She pondered how she might create a different supernatural, different big questions, different characters, and a different environment. Issa López didn’t seek to reinvent the True Detective wheel and maintains an air of familiarity in Night Country.
While planning Season Four, Issa chose to set it in the Arctic with two female main characters. “I felt that there was more to say in depth about the female identity faced with such mysterious events.”
Building Out Night Country
For Issa López, it all began with the idea of a strange, unexplained murder mystery in the Arctic many years ago. At the time, True Detective wasn’t on her radar. In fact, it was John Carpenter’s The Thing which propelled her initial idea.
“The Thing is a whodunnit in a way. We the audience had the answer all along. I was wondering if we could have that formula without the audience knowing exactly what went down.” So, it was fortuitous when HBO reached out to ask Issa about where she would set Season Four of True Detective.
“True Detective is very much an American piece and a meditation on certain aspects of American culture. The beauty of it is the US has the high Arctic in Alaska.”

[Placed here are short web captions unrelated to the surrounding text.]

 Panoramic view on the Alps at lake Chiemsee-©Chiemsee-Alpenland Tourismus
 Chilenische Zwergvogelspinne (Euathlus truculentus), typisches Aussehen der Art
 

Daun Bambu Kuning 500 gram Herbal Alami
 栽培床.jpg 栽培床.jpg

The next step was to decide on a case. The showrunner confesses that she went down a rabbit hole of all the unsolved mysteries that captivated her as a child that examined the enigmas of the world. Issa settled on the concept of mass disappearances. She took the case of the Mary Celeste that vanished in the Atlantic Ocean in 1872. When it was found, the entire crew had disappeared leaving behind their clothes and partially-eaten food.
The second inspiration was the Dyatlov Pass incident – a Russian expedition into the Northern Ural Mountains in 1959. “Everyone in that expedition died in very strange circumstances with very weird little details.” López merged the two cases to conceive Night Country.

Researchers under ice. Photo by Michele K. Short/ HBO
She now had a place and a case for her show. The next question was the “who?”
“It could be the domestic likeable slog of Hart or the philosophical profound bitterness of Rust. I came up with my clash in defining who Danvers and Navarro were.” Season One toggled between the meaning and the meaninglessness of life in a merciless universe that doesn’t care for us. Issa asked the existential questions, “Is there a higher power? Is this all there is? Is there more to us than a chunk of flesh with some electrical electrochemical signals? And when it dies, it drops. And that’s it. Or are there deeper connections between things that stay beyond physicality?”
Danvers and Navarro were the skeptic and the mystic
At this point, the characters in True Country began to draw themselves out a bit.
The Female Spirit
Issa López meticulously studied the Alakan tribes which are not a monolith. The Inuits of Northern Alaska are very different tribes with distinct characteristics. The showrunner decided she would focus on the Iñupiat tribe, so she duly studied their mythology without infusing too many specifics into the series.
“I found that there is a constant presence of the female spirit that inhabits the tundra, nature and animals.” This appealed to Issa in light of the destruction humanity is inflicting on nature.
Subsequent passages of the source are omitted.